### Exercise instructions:
The data should be written out in full, exactly as it stands, and the pictures dropped.

### Supplied records:
□ □ □ □ □

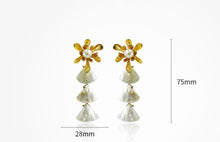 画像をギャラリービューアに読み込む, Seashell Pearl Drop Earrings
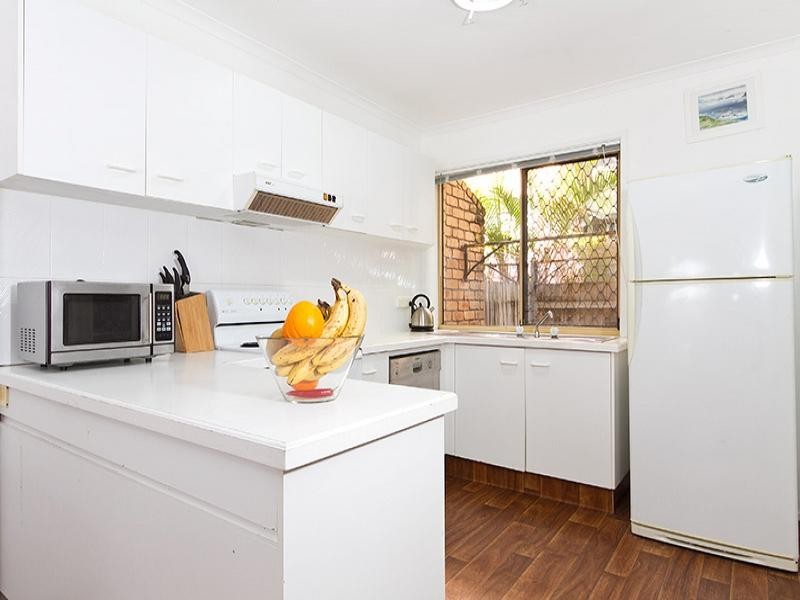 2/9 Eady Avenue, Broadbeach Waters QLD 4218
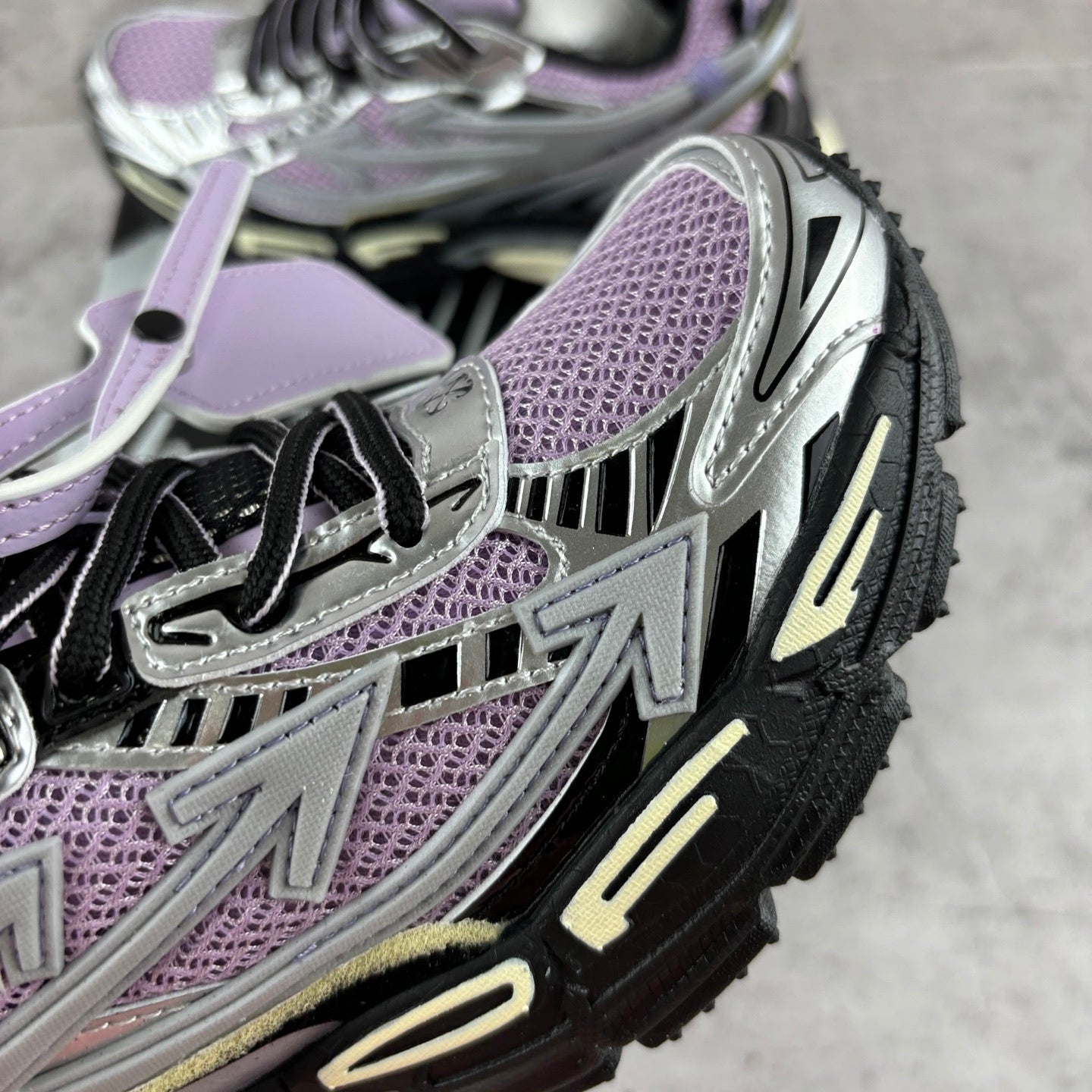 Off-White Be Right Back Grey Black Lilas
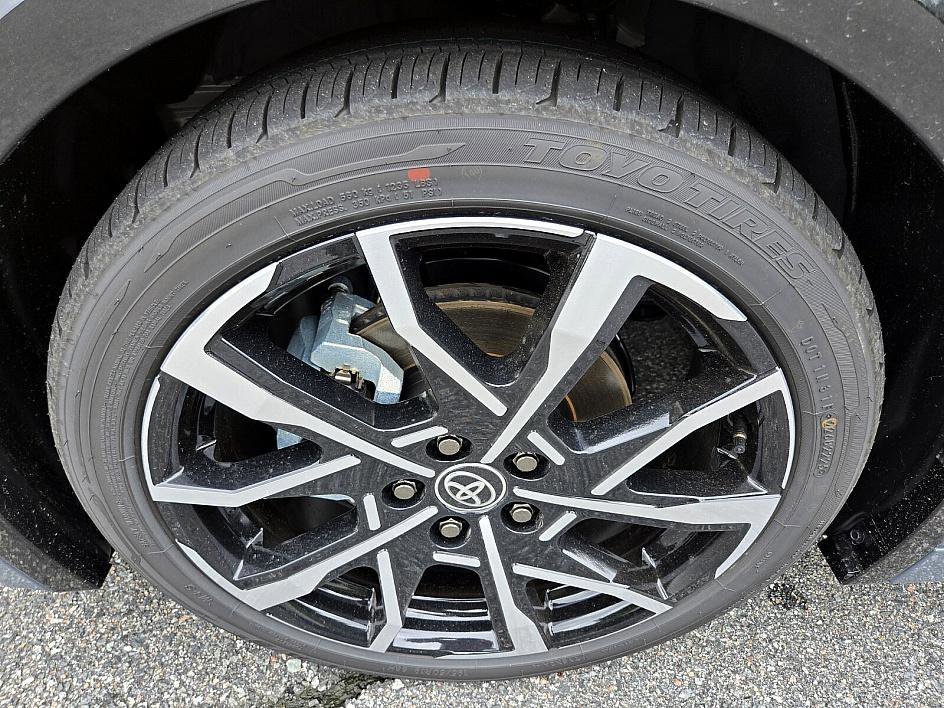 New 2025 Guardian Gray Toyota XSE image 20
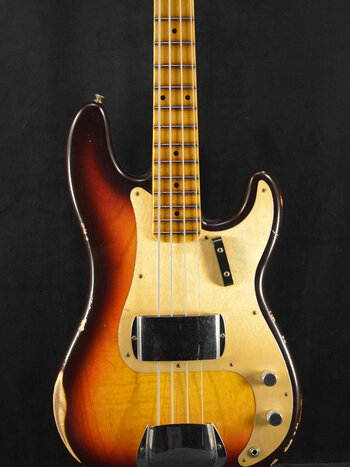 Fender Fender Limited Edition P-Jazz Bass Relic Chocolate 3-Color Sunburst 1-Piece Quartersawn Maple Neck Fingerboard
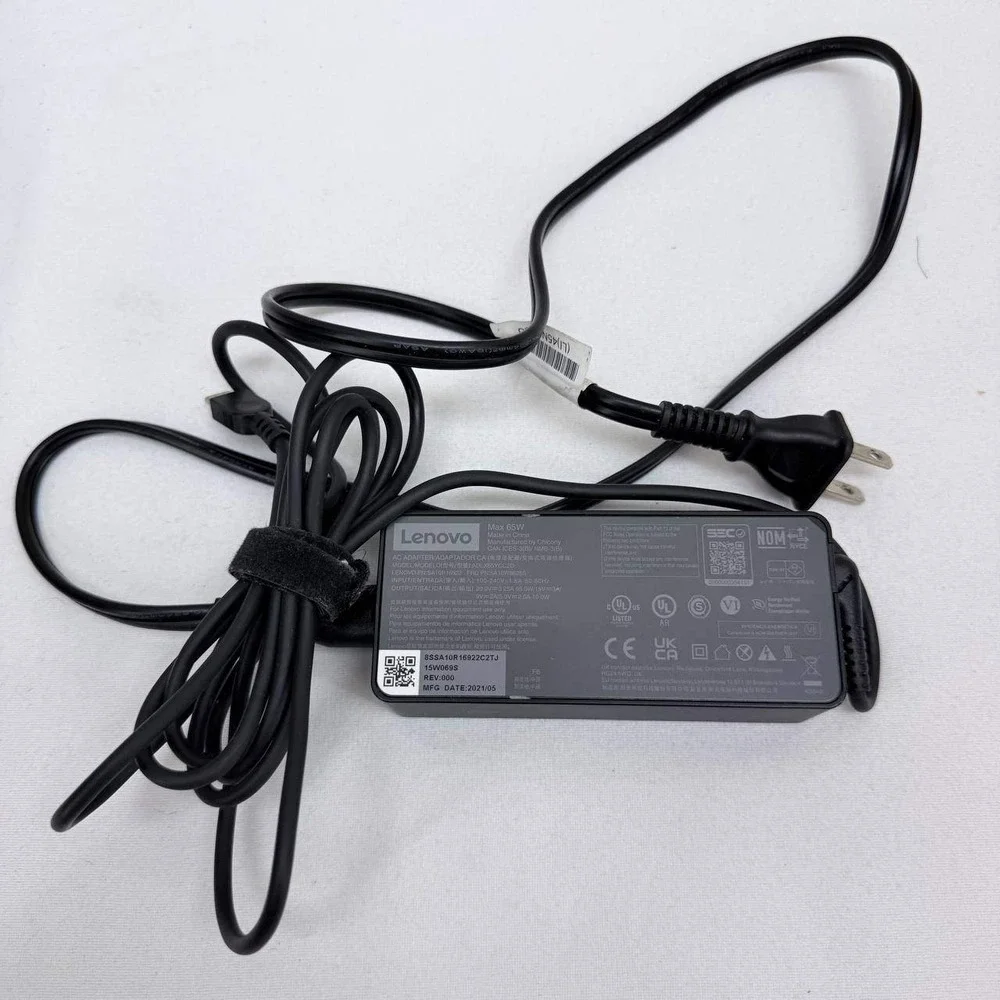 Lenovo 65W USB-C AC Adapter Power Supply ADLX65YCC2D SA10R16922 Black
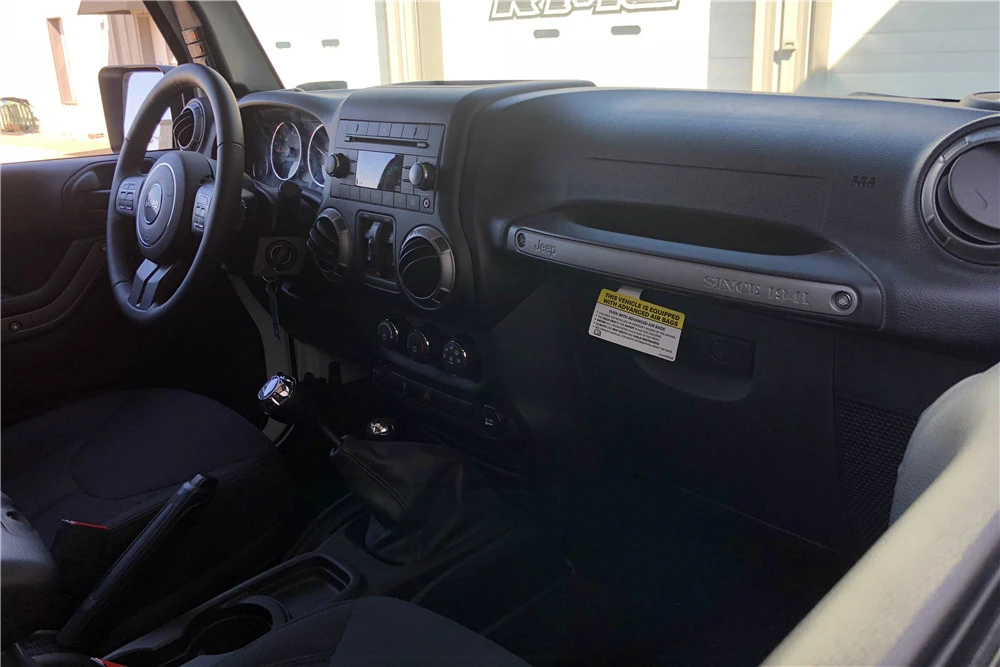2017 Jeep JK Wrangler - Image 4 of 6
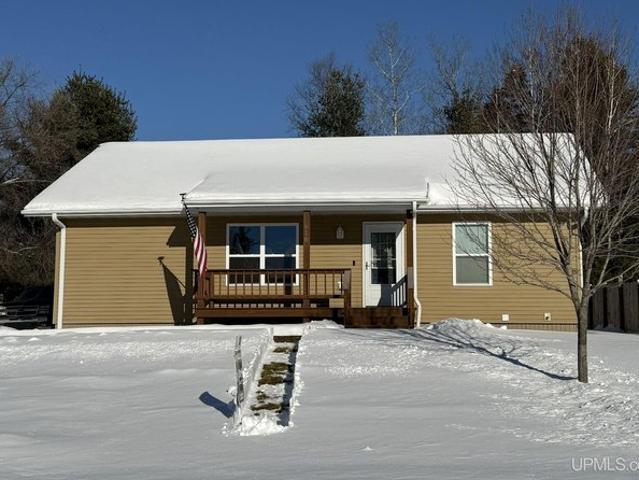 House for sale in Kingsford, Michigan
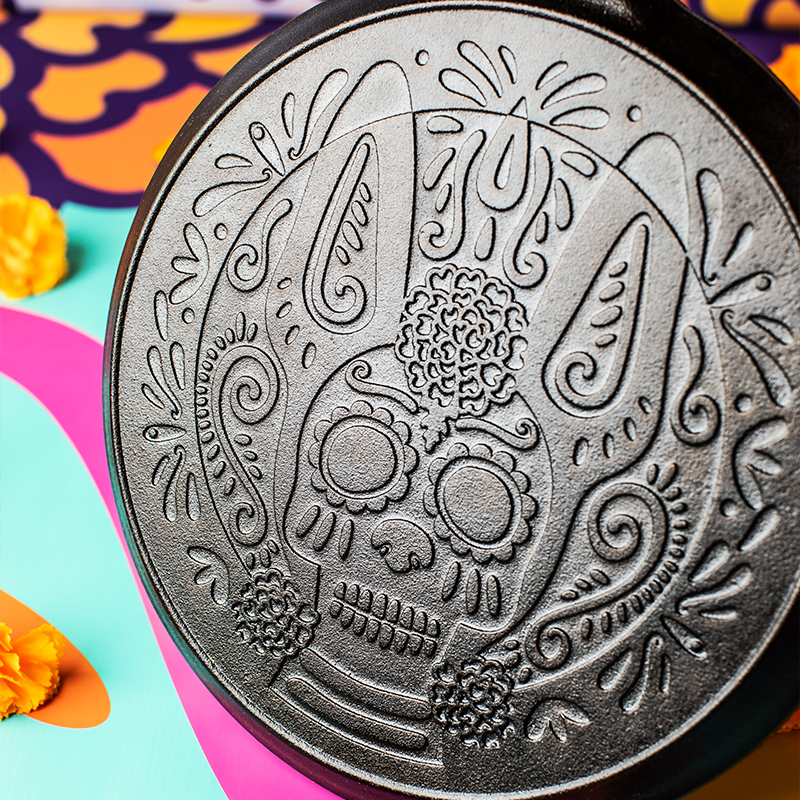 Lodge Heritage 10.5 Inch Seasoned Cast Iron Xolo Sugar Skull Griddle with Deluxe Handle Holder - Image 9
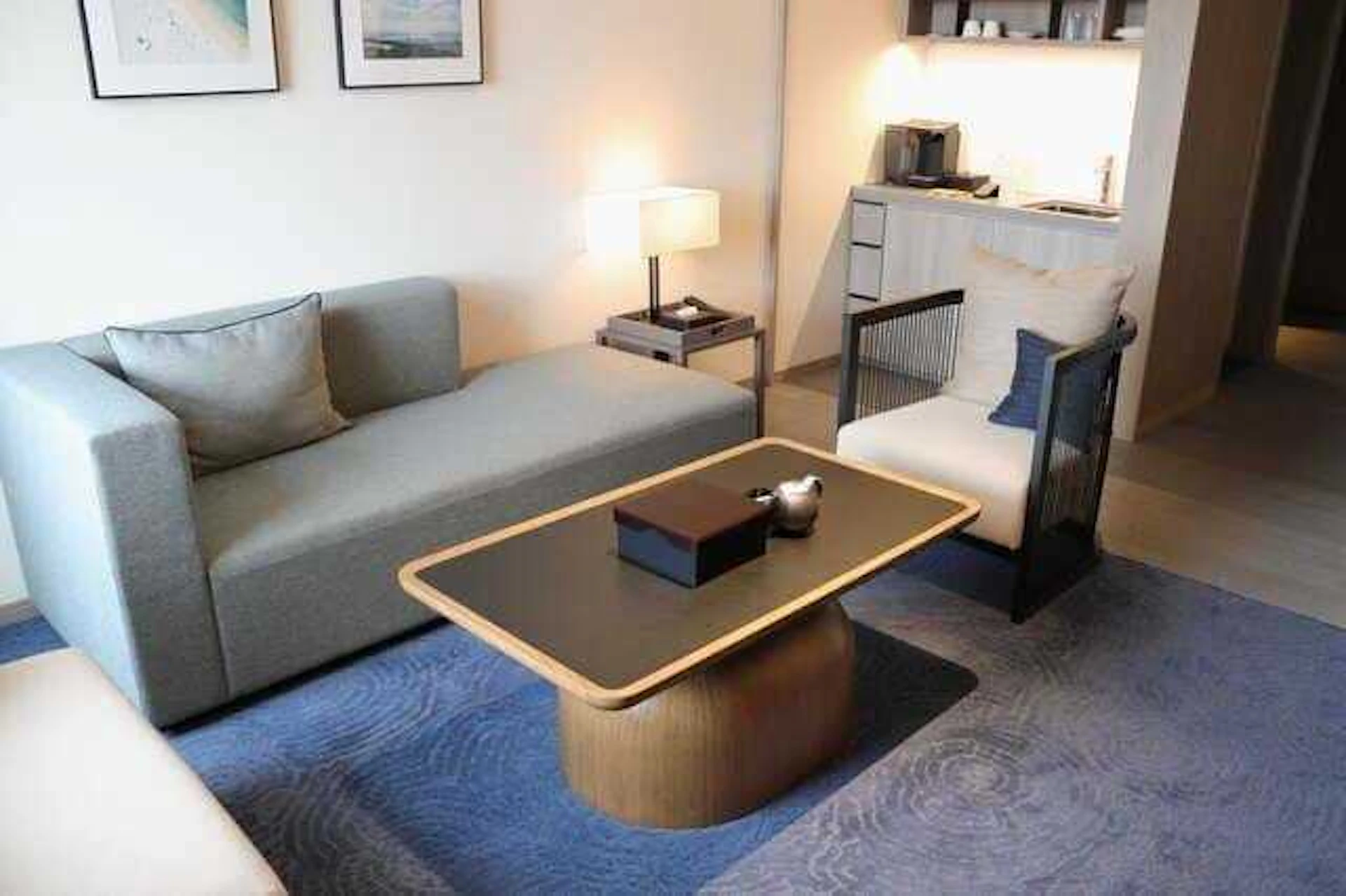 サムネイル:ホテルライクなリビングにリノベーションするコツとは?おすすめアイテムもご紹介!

□ □ □ □ □

### Exercise result:
 画像をギャラリービューアに読み込む, Seashell Pearl Drop Earrings
 2/9 Eady Avenue, Broadbeach Waters QLD 4218
 Off-White Be Right Back Grey Black Lilas
 New 2025 Guardian Gray Toyota XSE image 20
 Fender Fender Limited Edition P-Jazz Bass Relic Chocolate 3-Color Sunburst 1-Piece Quartersawn Maple Neck Fingerboard
 Lenovo 65W USB-C AC Adapter Power Supply ADLX65YCC2D SA10R16922 Black
2017 Jeep JK Wrangler - Image 4 of 6
 House for sale in Kingsford, Michigan
 Lodge Heritage 10.5 Inch Seasoned Cast Iron Xolo Sugar Skull Griddle with Deluxe Handle Holder - Image 9
 サムネイル:ホテルライクなリビングにリノベーションするコツとは?おすすめアイテムもご紹介!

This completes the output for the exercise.